Apache Spark Kinesis Integration providing real-time stream processing of data from Amazon Kinesis Data Streams
Internal helper utilities for integrating Kinesis streams with PySpark. These utilities provide Python-friendly interfaces to the Scala/Java APIs and are primarily used by the PySpark Kinesis integration.
Internal helper class that wraps Kinesis stream creation for Python compatibility.

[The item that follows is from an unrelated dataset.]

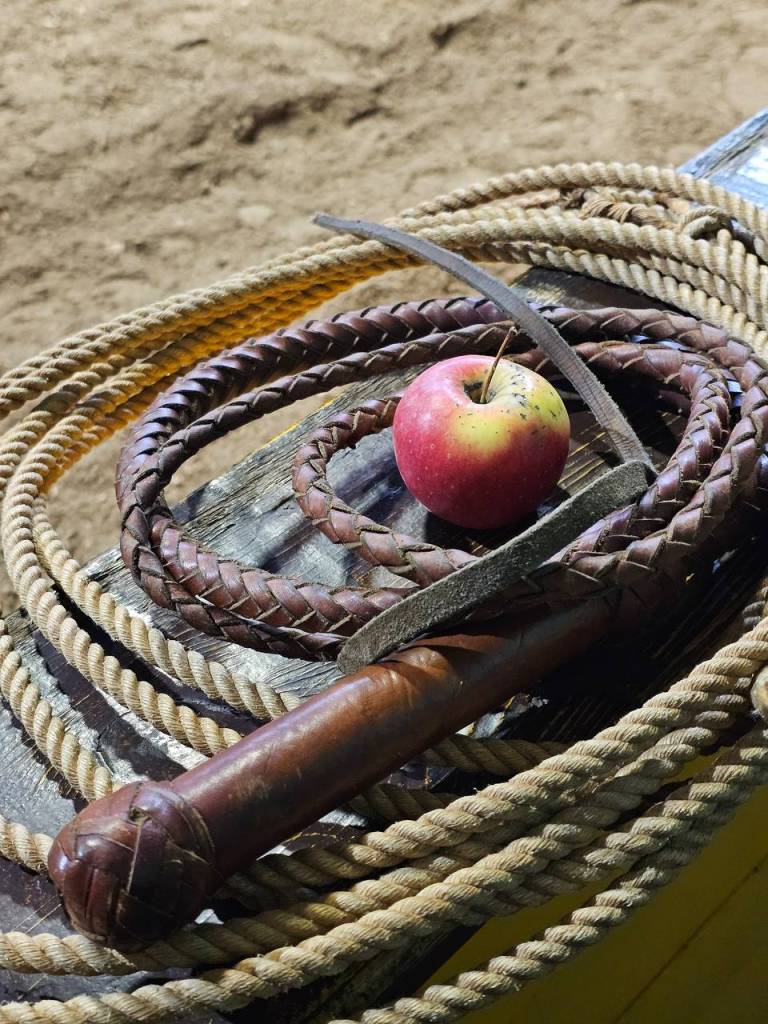 5269573144895229757.jpg 5269573144895229757.jpg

private class KinesisUtilsPythonHelper {
def createStream(
jssc: JavaStreamingContext,
kinesisAppName: String,
streamName: String,
endpointUrl: String,
regionName: String,
initialPositionInStream: Int,
checkpointInterval: Duration,
metricsLevel: Int,
storageLevel: StorageLevel,
awsAccessKeyId: String,
awsSecretKey: String,
stsAssumeRoleArn: String,
stsSessionName: String,
stsExternalId: String
): JavaReceiverInputDStream[Array[Byte]]
}The Python helper maps integer values to appropriate enums and configurations:
initialPositionInStream match {
case 0 => InitialPositionInStream.LATEST
case 1 => InitialPositionInStream.TRIM_HORIZON
case _ => throws IllegalArgumentException
}metricsLevel match {
case 0 => MetricsLevel.DETAILED
case 1 => MetricsLevel.SUMMARY
case 2 => MetricsLevel.NONE
case _ => MetricsLevel.DETAILED // Default fallback
}The helper validates authentication parameter combinations:
awsAccessKeyId and awsSecretKey must be provided together or both nullstsAssumeRoleArn, stsSessionName, stsExternalId) must be provided together or all nullThe helper follows this internal pattern:
val builder = KinesisInputDStream.builder
.streamingContext(jssc)
.checkpointAppName(kinesisAppName)
.streamName(streamName)
.endpointUrl(endpointUrl)
.regionName(regionName)
.initialPosition(mappedInitialPosition)
.checkpointInterval(checkpointInterval)
.metricsLevel(mappedMetricsLevel)
.storageLevel(storageLevel)
// Configure authentication based on provided parameters
if (stsCredentialsProvided) {
val kinesisCredsProvider = STSCredentials(
stsRoleArn, stsSessionName, Option(stsExternalId),
BasicCredentials(awsAccessKeyId, awsSecretKey)
)
builder.kinesisCredentials(kinesisCredsProvider)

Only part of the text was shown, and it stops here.